Leveraging Decentralized Clinical Trial Strategies to Reduce Health Care Disparities

Leveraging Decentralized Clinical Trial Strategies to Reduce Health Care Disparities

March 13, 2024PAO-03-24-CL-05

Despite an increasing understanding that therapeutics can, and commonly do, have different efficacy and safety profiles for patients of disparate backgrounds, minority populations remain significantly underrepresented in today’s clinical trials.

According to an estimate by the National Institutes of Health (NIH), 75% of clinical trial participants for novel drugs approved in 2020 were white. However, the 2020 census and subsequent projections reveal that only 60% of the overall population is white, with the remaining 40% having heritage in whole or in part in something other than white-European.

These imbalances must be amended, and, fortunately, the U.S. Food and Drug Administration (FDA) has experience rectifying them. For example, the effort to reverse the long history of systemic underrepresentation of cisgender women in clinical research resulted in a 1993 reversal of previous guidance that banned women of childbearing age from participating in early-phase research. Although it took 23 years, cisgender women represented a majority of the U.S. clinical trial patient population by 2016.

While considerable gender-based inclusion progress has been made, per Figure 1, patients of minority ethnic populations remain considerably underrepresented in today’s clinical research. Additionally, despite approximately 1.6 million Americans identifying as transgender or nonbinary, less than 1% of clinical trials in the United States include patients from these populations.

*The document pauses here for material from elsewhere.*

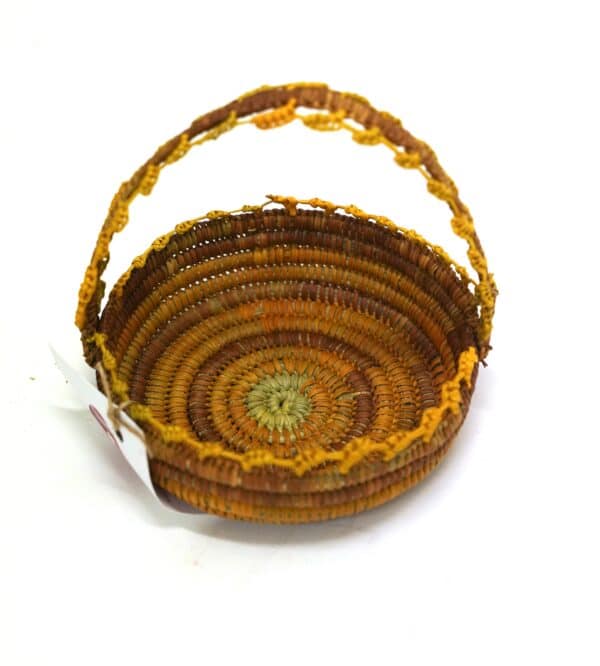 Coiled Pandanus Basket - Fibre - Velda Nabulwad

Figure 1: U.S. Minority Population vs. Minority Clinical Trial Population (2020)

Percent of Overall PopulationPercent of Clinical Trial Population

Source: Contemporary Clinical Trials

This lack of representative inclusion negatively impacts public health, as ethnic origin can profoundly influence the likely response to a given therapeutic. Polymorphisms, or gene structure differences, may influence a drug's action by altering its pharmacokinetic properties like absorption, distribution, metabolism and excretion.

For instance, studies have demonstrated a range of responses to the blood pressure–lowering effects of β-blockers and ACE inhibitors. Evidence points to common genetic drug metabolism, drug target and disease pathway polymorphisms that impact conditions ranging from cancers and neurological and cardiovascular diseases to mood disorders.

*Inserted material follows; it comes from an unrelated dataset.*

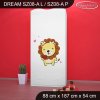 Skříň Dream SZ08 - lvíček (Barva bílá, Vnitřek skříně šatní tyč)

To successfully treat and/or prevent disease states, clinical trial patient populations must accurately reflect the population inflicted with the condition. Ultimately, diversity in clinical trials is fundamental to reducing disparities and increasing access to effective health care.

Root Causes of Underrepresentation in Clinical Research

While the causes of minority population underrepresentation in clinical trials are numerous and complex, there are identifiable themes, including;

  • Mistrust in clinical studies or the medical system due to historical and modern mistreatment,
  • Misunderstanding of the benefits of clinical trial participation,
  • Cultural and/or language barriers,
  • Lack of awareness of available trials, and
  • Access challenges based on geography, socioeconomic status and required time commitments.

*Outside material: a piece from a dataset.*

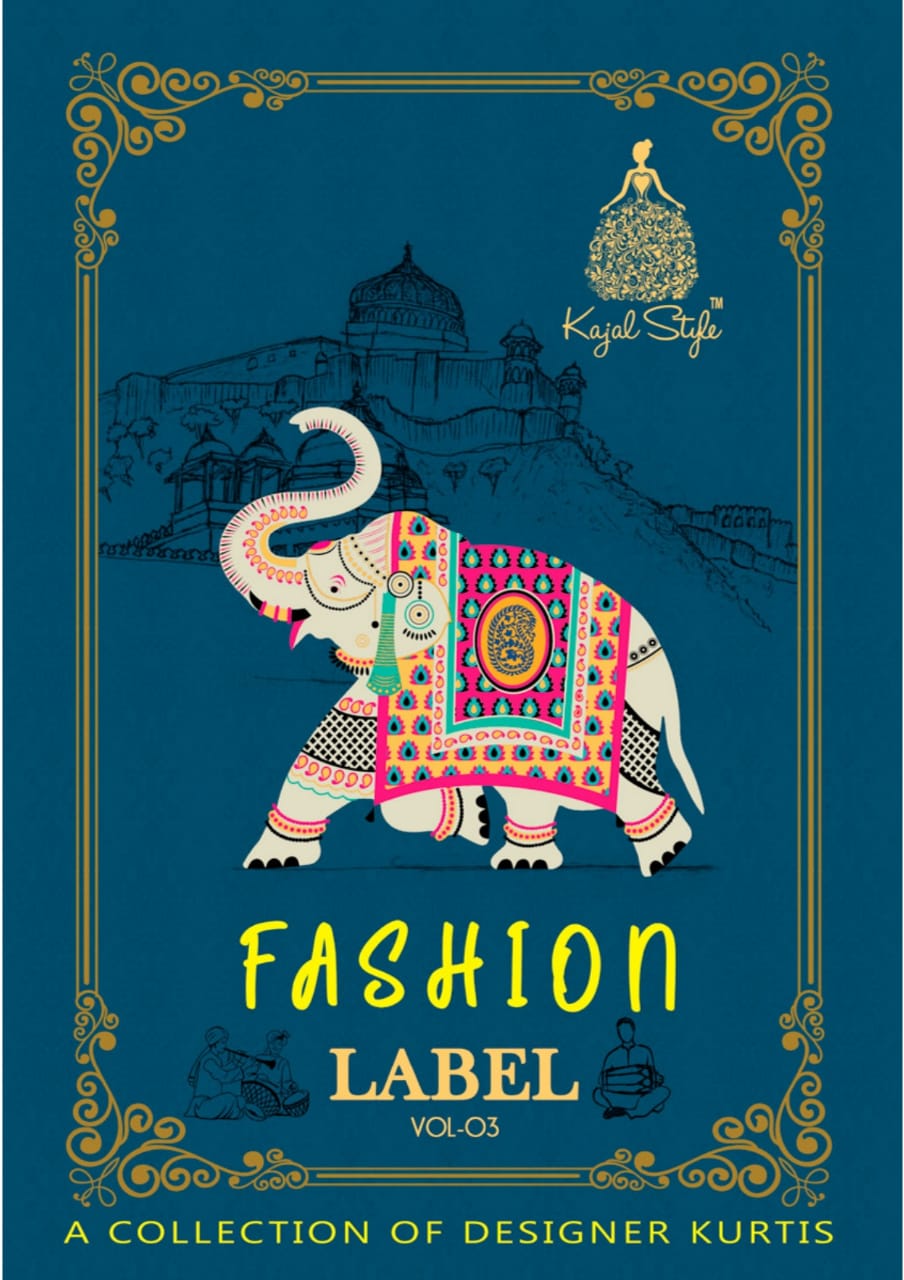 Kajal Style Fashion label vol 3 fancy kurti palazo set dealer surat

Population segments can also be omitted due to a trial's inclusion and exclusion criteria. For example, patients with cognitive and physical disabilities, people living with HIV or hepatitis, or patients managing ranging comorbidities can be inadvertently excluded, resulting in the trial's population not accurately reflecting the therapeutic's ultimate target patient population.

New Clinical Trial Diversity Regulatory Framework

In April 2022, the FDA issued a draft guidance to improve clinical trial enrollment of participants from underrepresented racial and ethnic populations. Commonly referred to as the Diversity Plan, this guidance is a framework for establishing clinical trial patient populations reflective of the therapeutic's target patient population.

The Diversity Plan prioritizes racial and ethnic diversity while promoting inclusion of other underrepresented relevant populations, including sex, gender identity, age, socioeconomic status, disability, pregnancy and lactation status, and comorbidities. Designing clinical trials within the Diversity Plan framework requires a thorough characterization of the epidemiology of the disease, including its prevalence among minority populations and subgroups, to proactively achieve representative inclusion.

While the Diversity Plan guidance is expected to be finalized in 2024, the Consolidated Appropriations Act, a 2023 omnibus appropriations bill, included several provisions intended to promote diversity in clinical trial enrollment, encourage the growth of decentralized clinical trials (DCTs) and streamline clinical trials. Specifically, the act instructed the FDA to require diversity plans for all Phase III clinical trials conducted for drugs, biologics, devices and diagnostics that use the 510(k), premarket approval (PMA), de novo, and investigational device exemption (IDE) pathways.

While the legislation does include some exceptions, the mandate for clinical trial diversity is now a statutory requirement, and the industry is already leveraging the FDA’s Diversity Plan as a compliance framework.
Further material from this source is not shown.